Why does February have only twenty-eight days, or twenty-nine in a leap year?
Calendars have historically been a messy business. The earliest calendars were based on lunar cycles and seasonal patterns as a way of tracking time between planting, growth, and harvest of crops. The calendar that most people use today is called the Western or Gregorian calendar. The earliest "draft" of this calendar, if you will, was introduced by Romulus, the first king of Rome. The Calendar of Romulus began in March and had only ten months of thirty or thirty-one days. This was intended to be helpful in keeping track of agricultural seasons, but the gap between December and March was certainly a problem! A later king, Numa Pompilius, decided to change things up a bit. He added the months of January and February to the calendar so that there might be a running yearly cycle of months, and he changed the number of days in many months so that some had twenty-eight, some twenty-nine, and some thirty-one. Even with these changes, the calendar was still about ten days short of a solar year, and eventually this way of tracking time fell out of sync.
For a long time, the calendar was pretty unruly in Roman territory.

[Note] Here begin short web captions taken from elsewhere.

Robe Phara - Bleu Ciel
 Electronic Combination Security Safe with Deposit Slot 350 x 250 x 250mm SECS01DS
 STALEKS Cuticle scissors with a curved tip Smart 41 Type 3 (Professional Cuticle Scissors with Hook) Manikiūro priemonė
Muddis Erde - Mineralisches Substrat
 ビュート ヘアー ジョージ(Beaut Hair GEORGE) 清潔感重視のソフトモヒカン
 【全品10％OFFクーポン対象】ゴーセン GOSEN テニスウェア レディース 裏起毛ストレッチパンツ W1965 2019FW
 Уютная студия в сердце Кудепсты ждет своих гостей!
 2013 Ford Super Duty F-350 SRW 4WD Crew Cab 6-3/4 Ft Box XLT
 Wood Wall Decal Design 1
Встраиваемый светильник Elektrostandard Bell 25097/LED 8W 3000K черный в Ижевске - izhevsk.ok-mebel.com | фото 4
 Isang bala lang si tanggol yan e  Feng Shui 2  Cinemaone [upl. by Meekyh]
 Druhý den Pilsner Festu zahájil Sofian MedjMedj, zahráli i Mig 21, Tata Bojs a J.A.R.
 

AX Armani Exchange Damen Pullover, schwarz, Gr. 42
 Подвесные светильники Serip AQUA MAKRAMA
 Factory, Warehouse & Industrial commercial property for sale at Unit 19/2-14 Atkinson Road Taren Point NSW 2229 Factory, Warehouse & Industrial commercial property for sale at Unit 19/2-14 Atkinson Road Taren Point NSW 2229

Many changes were proposed to the existing calendar, but it was not until the year 46 BCE that Julius Caesar proposed a better, standardized calendar. The Julian calendar is made up of three-hundred and sixty-five days organized into twelve months. In the Julian system, all months except for February had thirty or thirty-one days. Unfortunately, February remained and remains one of those short-cut months that didn't fit cleanly into the calendar. This calendar also introduced the leap year as a means of making up time that did not otherwise fit into the cycle of time.
As time went on, the Julian calendar, too, fell out of sync with the natural world. The Gregorian Calendar was introduced in 1582CE as a replacement for the Julian, which did not accurately reflect the solar year. The reason February has only twenty-eight or twenty-nine days today is thanks to this long, messy history of keeping track of time!